**WORK ORDER**
Repeat, exactly as they appear, the lines from the one with "Anthropologie English Factory" through the last line of the entries below, but none of the pictures.

**RECORDS FOR THIS EXERCISE**
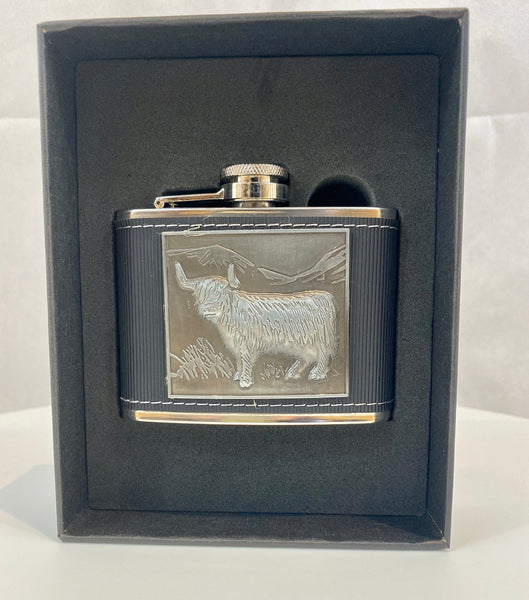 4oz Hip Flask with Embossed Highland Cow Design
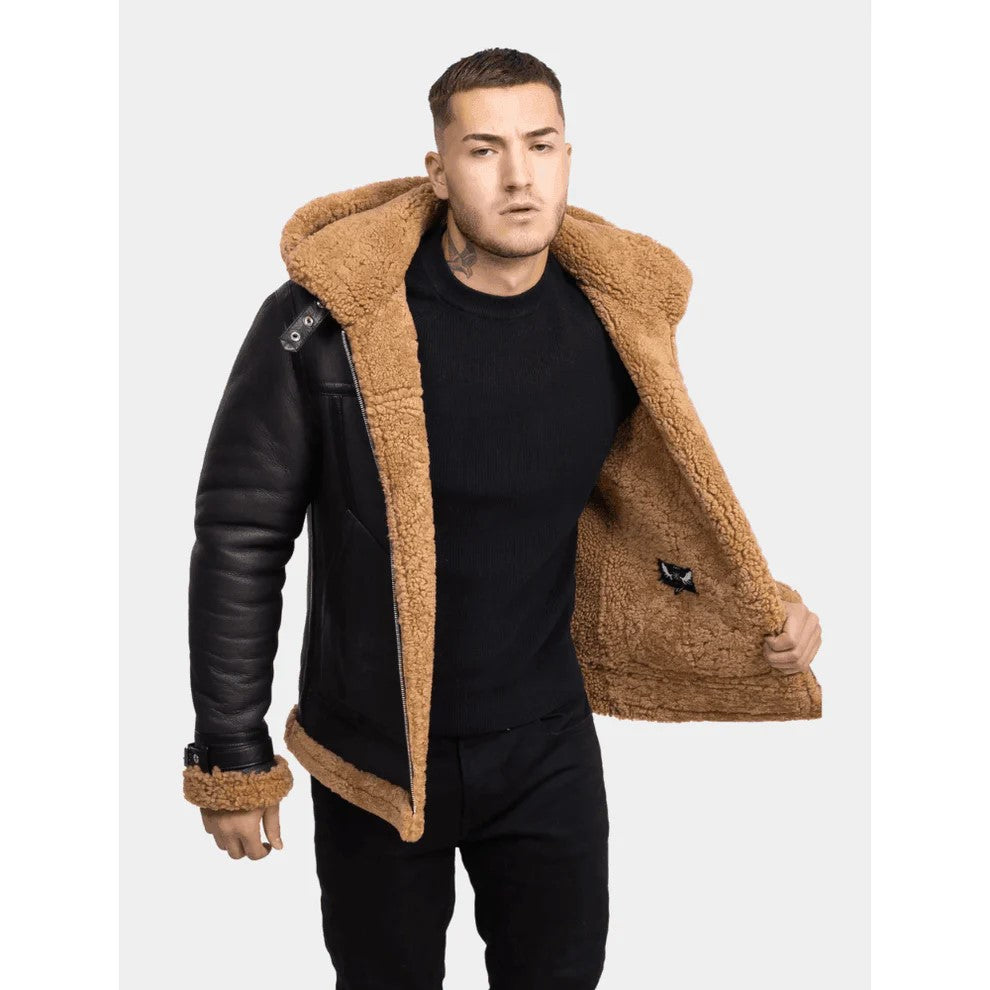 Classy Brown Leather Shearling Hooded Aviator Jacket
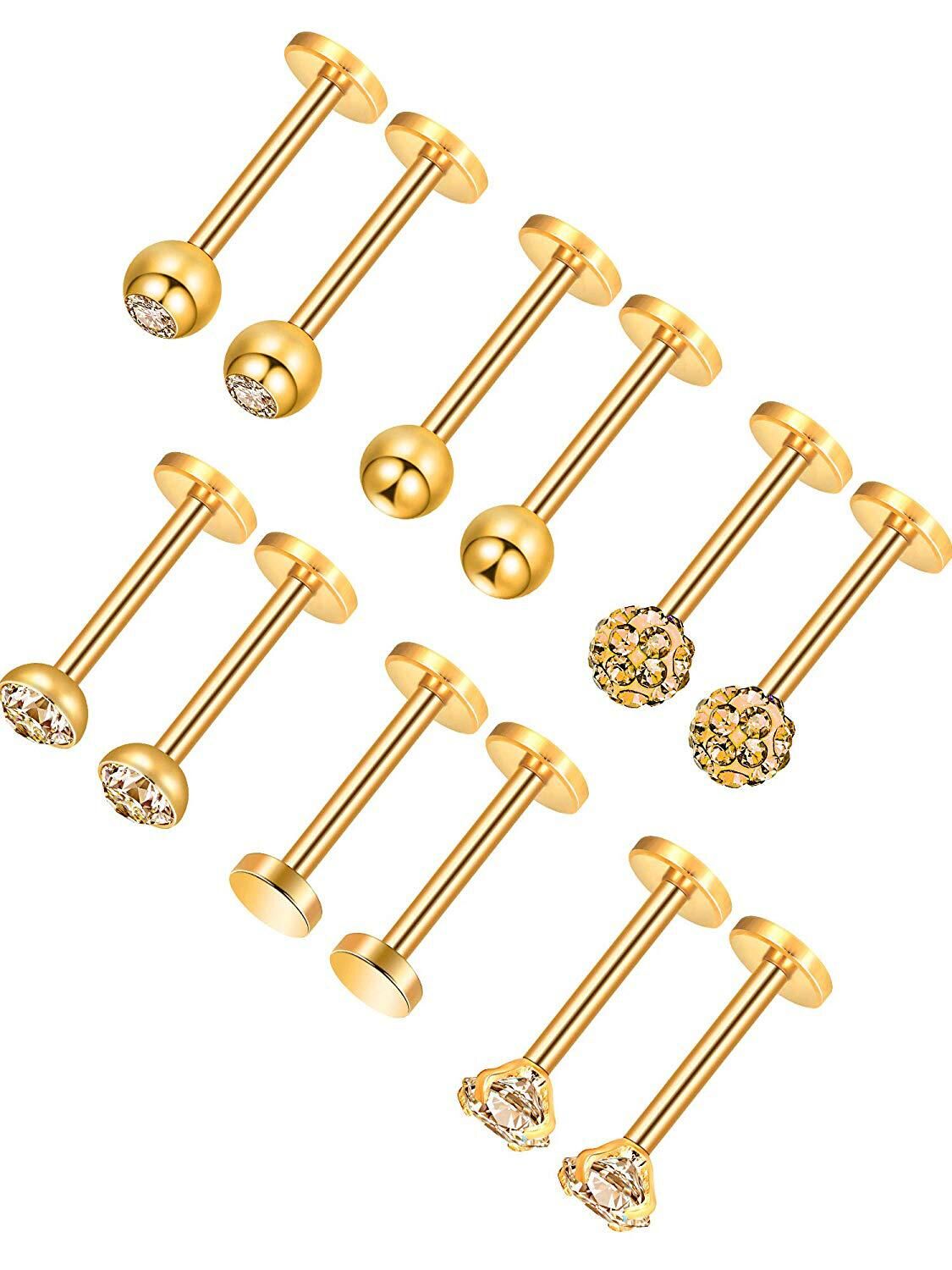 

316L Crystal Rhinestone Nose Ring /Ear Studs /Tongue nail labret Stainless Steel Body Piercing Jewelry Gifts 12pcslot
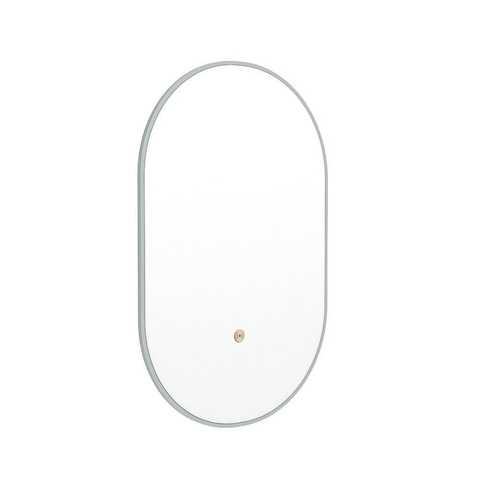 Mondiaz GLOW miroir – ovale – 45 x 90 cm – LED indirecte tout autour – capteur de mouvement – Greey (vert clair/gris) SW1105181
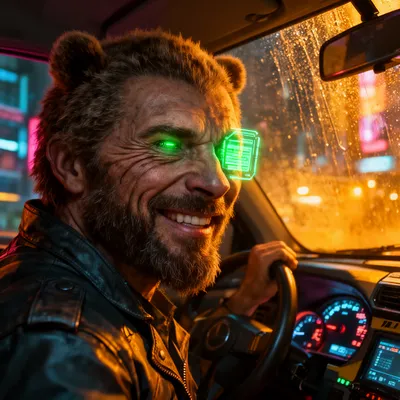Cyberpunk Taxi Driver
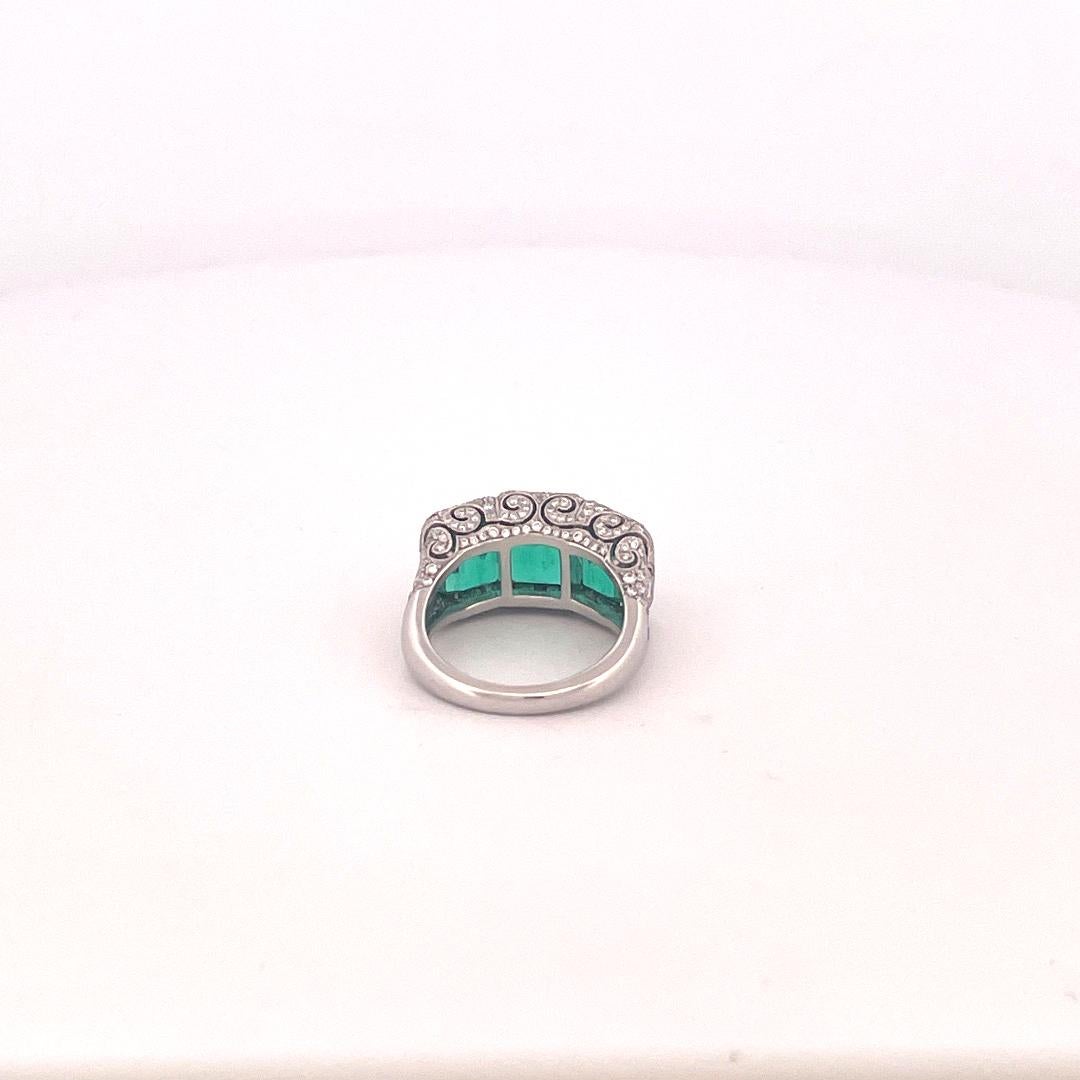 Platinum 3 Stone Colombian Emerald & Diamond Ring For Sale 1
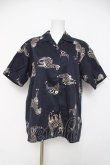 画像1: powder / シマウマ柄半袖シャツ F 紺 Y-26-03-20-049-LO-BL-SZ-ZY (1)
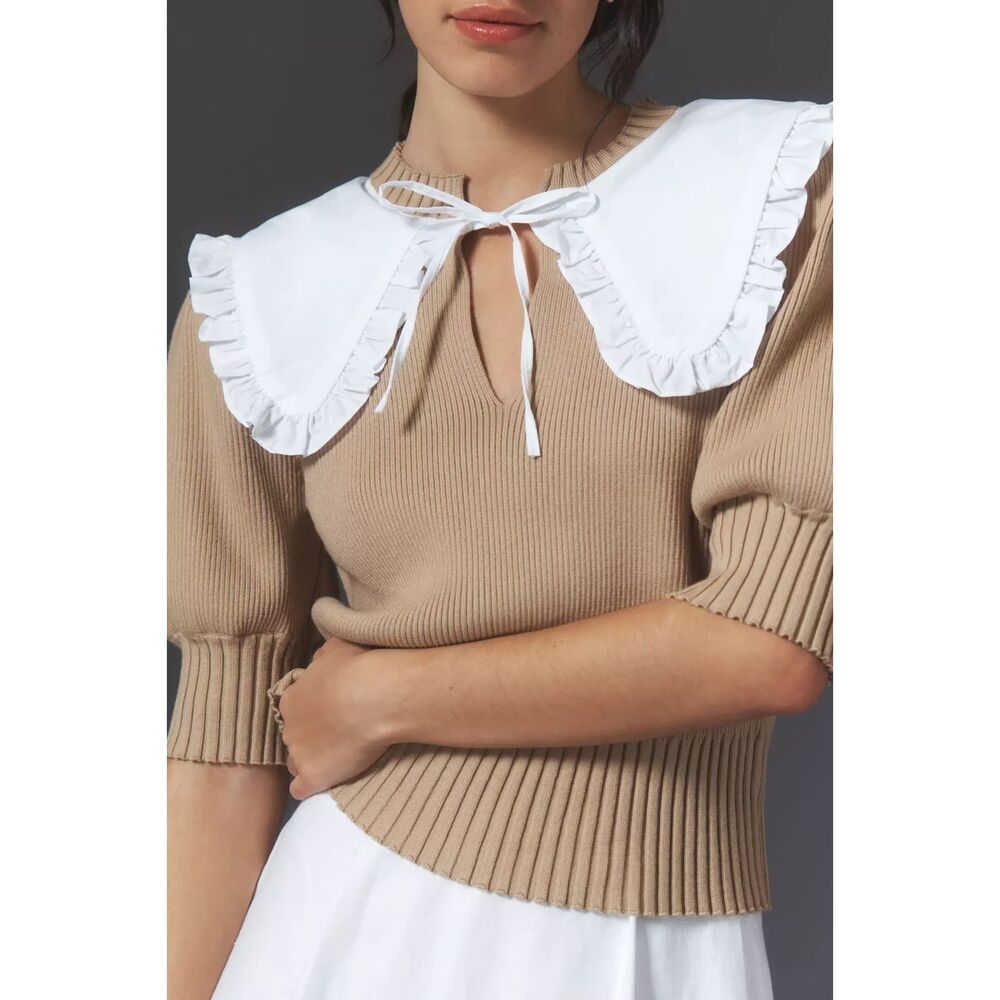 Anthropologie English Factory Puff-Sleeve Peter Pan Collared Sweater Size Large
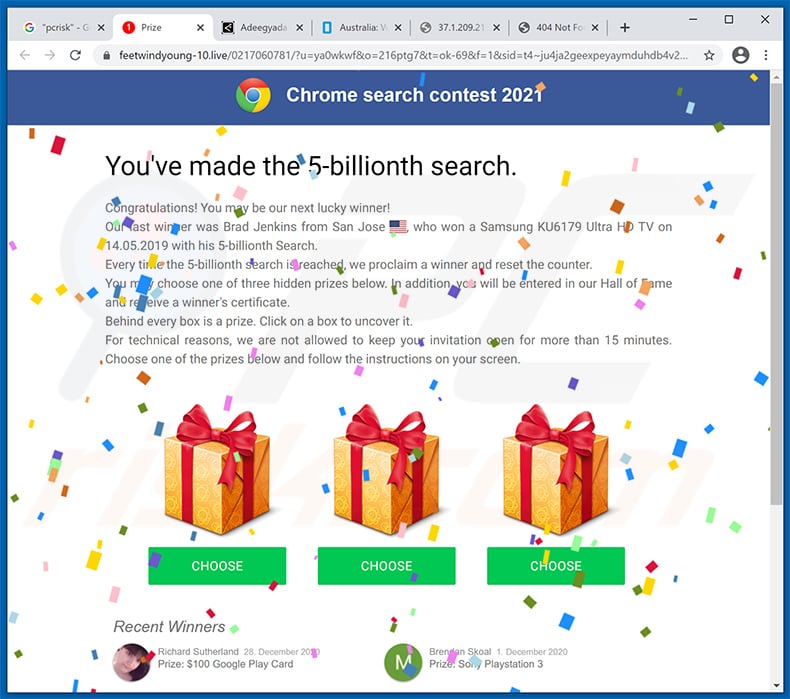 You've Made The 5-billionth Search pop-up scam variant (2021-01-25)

**RESULT BELOW**
 Anthropologie English Factory Puff-Sleeve Peter Pan Collared Sweater Size Large
 You've Made The 5-billionth Search pop-up scam variant (2021-01-25)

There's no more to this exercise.